The concern now is what impact the loss of ash trees will have on habitats across East Yorkshire.
"We have great concerns for the impact on wildlife and habitats," Mr Feather admitted.
"Our ancient woodland sites rely on the shade the trees give so clearing affected sites will have a huge impact. You cannot easily repair that.
"It will have a much wider impact and there is a lot of wildlife that relies on these ash trees.
"We could replace the younger trees, maybe with something like maple.
"But we will probably just leave the mature trees and only remove those close to footpaths and roads."
Mr Feather says there is a mixture of alarm and optimism.
"You only have to look abroad to the likes of Denmark to see the worst-case scenario," he said. "But there may be trees that are more genetically resistant, which is what we are looking at.
"There is a serious chance ash could disappear from our countryside altogether. But I think there will be a percentage that will survive.
"Young trees appear to be more susceptible, so replanting is probably not the answer.
Yorkshire Wildlife Trust is also monitoring its own reserves in East Yorkshire.
"The ash is such an important part of the woodland," said chief executive Rob Stoneman. "This would be devastating. This would be akin to the impact of Dutch elm disease but ash is more genetically diverse.
"It maybe some ash trees will have resistance to the disease."
Mr Stoneman doesn't believe some of the advice being bandied about is very sound.
"The advice around changing your boots and washing your dog is nonsense," he said.
"This is spread by airborne spores.
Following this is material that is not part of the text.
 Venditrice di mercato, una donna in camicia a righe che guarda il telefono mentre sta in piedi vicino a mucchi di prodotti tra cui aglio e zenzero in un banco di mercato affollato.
We are disappointed the Government didn't take earlier action."
The trust is now asking members of the public to keep an eye out for the disease.
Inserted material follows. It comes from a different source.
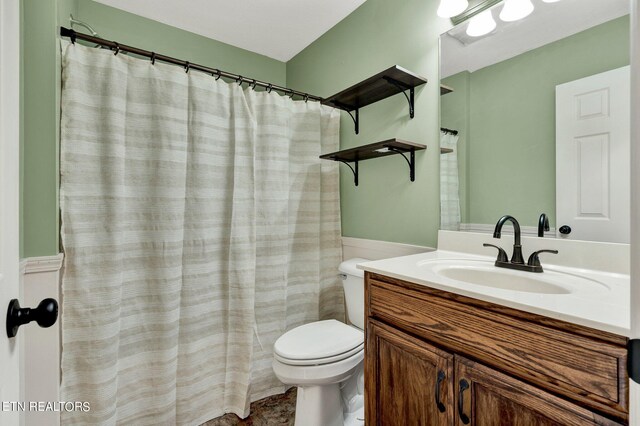 bathroom featuring vanity, toilet, and walk in shower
"We need to check all our woodland areas in East Yorkshire and inform the Forestry Commission if we discover any cases of ash dieback," Mr Stoneman said.
"We have a network of volunteers looking at our sites.
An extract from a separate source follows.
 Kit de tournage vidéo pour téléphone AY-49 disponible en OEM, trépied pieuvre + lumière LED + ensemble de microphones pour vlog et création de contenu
"We will possibly be putting up signs on our reserves to ask people to inform the authorities if they detect any cases of ash dieback. We will also be putting up information on Facebook and Twitter."
Mr Feather admits the outbreak could permanently change East Yorkshire's landscape.
"If you look at a classic ancient woodland in Yorkshire, it's dominated by ash, more so than in any other part of the country," he said.
"Without ash we won't have the fantastic spring covering of bluebells and other spring flowers.
"They are also important for butterflies and other invertebrates.
"We have to be cautious about what might happen but we could see a completely different forest after this.
"If we could find a cure and replant trees it would still take 50 to 100 years for them to grow back again."
It is not known who owns the land where the three cases have been discovered but East Riding Council is monitoring the situation.
Earlier this month, Nigel Leighton, director of environment and neighbourhood services at the council, said: "The Government has committed to producing an action plan to combat the spread of the disease, involving further monitoring of trees by owners and managers of land and the destruction of diseased trees that have been recently planted.
"The council will review this plan and act in accordance with those guidelines."
Plant health experts and volunteers have been examining about 2,500 blocks of land, each 10sq km, where mature ash trees are known to be present in order to seek out the disease.
The disease has wiped out 90 per cent of ash trees in some parts of Denmark and is becoming widespread throughout central Europe.
The Forestry Commission said there is no risk to human or animal health and there is no need to restrict public access to woodlands.